6. Practical Considerations in Endoscopic SfM

• Throughput: With 20 ms/image detection and 290 ms/pair matching (10,000 descriptors), SuperPoint-E is deployable at 2–5 Hz on modern hardware using a temporally local matching window.
• Resource Requirements: RTX 2080 GPU or better (8GB), quad-core CPU ≥3GHz, and 16GB RAM are recommended for real-time or near real-time operation.
• Integration: Pipeline can incorporate SuperPoint-E for feature extraction with BF matching or occasional guided matching. Sliding window SfM is practical.
• Coverage and Density Gains: Compared to SIFT, SuperPoint-E yields 3–4x denser reconstructions and approximately 2x more images reconstructed on long colonoscopy sequences.
• Limitations: Extreme low-light or occluded scenes remain challenging.
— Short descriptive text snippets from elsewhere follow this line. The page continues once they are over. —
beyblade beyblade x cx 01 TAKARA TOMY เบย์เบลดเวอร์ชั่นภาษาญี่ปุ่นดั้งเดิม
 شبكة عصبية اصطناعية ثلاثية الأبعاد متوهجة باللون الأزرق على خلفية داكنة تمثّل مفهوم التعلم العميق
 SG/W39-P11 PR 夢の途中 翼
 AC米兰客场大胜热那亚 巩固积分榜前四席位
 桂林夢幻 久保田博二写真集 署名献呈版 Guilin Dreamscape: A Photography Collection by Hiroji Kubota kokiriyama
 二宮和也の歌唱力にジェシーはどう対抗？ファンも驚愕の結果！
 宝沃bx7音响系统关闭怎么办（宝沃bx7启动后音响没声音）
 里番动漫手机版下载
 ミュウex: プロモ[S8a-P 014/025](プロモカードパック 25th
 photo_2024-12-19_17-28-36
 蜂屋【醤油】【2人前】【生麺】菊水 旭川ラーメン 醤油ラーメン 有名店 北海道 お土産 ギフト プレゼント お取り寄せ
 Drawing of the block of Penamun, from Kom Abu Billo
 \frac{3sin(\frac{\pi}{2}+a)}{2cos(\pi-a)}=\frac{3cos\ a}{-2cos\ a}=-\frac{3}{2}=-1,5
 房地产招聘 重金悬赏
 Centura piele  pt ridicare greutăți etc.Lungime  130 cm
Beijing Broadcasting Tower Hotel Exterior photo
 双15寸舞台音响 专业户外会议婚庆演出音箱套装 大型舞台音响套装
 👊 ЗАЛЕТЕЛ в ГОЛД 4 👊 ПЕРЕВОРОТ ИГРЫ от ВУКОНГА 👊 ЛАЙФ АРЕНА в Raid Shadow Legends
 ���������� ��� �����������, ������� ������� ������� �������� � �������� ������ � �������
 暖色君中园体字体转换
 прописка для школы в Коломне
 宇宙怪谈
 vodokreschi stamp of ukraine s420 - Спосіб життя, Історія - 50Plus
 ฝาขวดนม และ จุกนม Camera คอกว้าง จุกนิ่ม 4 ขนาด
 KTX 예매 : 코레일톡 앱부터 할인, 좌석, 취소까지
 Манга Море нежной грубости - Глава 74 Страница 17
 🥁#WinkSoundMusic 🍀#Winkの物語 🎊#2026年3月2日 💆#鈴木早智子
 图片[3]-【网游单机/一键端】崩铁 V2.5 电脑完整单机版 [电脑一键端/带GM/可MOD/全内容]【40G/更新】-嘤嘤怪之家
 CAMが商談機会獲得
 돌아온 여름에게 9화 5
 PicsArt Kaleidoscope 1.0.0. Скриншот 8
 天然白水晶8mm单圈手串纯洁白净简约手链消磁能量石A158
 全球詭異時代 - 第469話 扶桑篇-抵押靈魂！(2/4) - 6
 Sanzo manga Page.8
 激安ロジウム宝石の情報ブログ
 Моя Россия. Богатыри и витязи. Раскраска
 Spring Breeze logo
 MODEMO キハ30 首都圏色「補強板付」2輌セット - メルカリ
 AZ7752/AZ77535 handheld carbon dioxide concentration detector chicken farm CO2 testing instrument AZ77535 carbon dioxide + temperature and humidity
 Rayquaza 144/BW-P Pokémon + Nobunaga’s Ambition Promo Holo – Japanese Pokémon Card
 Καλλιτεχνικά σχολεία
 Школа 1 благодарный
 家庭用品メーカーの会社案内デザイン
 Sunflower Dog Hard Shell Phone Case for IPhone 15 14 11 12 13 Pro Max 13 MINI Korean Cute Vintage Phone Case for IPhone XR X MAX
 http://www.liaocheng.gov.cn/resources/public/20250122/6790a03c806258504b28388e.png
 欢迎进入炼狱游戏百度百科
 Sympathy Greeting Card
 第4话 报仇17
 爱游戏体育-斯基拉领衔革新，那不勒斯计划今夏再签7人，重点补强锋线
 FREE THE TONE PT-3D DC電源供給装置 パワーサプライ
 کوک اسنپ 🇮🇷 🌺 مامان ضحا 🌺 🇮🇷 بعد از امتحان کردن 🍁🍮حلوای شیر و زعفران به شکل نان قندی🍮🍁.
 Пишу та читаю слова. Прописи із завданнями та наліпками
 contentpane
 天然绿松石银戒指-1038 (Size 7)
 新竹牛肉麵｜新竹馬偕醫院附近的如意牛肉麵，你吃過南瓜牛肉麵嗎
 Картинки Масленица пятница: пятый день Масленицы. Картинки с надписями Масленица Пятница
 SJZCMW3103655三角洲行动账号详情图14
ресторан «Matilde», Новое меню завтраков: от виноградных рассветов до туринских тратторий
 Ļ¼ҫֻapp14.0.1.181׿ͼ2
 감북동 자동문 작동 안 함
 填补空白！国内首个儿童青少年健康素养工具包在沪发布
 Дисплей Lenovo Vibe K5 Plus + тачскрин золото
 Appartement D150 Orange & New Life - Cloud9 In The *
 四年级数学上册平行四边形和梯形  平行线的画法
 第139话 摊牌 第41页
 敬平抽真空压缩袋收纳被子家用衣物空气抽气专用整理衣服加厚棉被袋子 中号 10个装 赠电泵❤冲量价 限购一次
While window of reliable 3D tracking is doubled, total failure is not eliminated under the most adverse conditions.

7. Significance and Prospects

SuperPoint-E demonstrates that reusing a generic local feature backbone with endoscopy-specific, track-level supervision can more than double both 3D point density and spatiotemporal coverage in SfM, compared to state-of-the-art classical (SIFT) and learning-based (vanilla SuperPoint, specularity-suppressed variants) feature methods. The approach provides an effective template for adaptation of point and descriptor networks to environments in which feature survivability, rather than instantaneous saliency, determines downstream reconstruction quality (Barbed et al., 4 Feb 2026, Barbed et al., 2022). A plausible implication is that track-consistency-oriented supervision can generalize to other domains exhibiting dense temporal overlap and nontrivial nuisance signals (e.g., underwater, surgical, or low-light industrial sequences).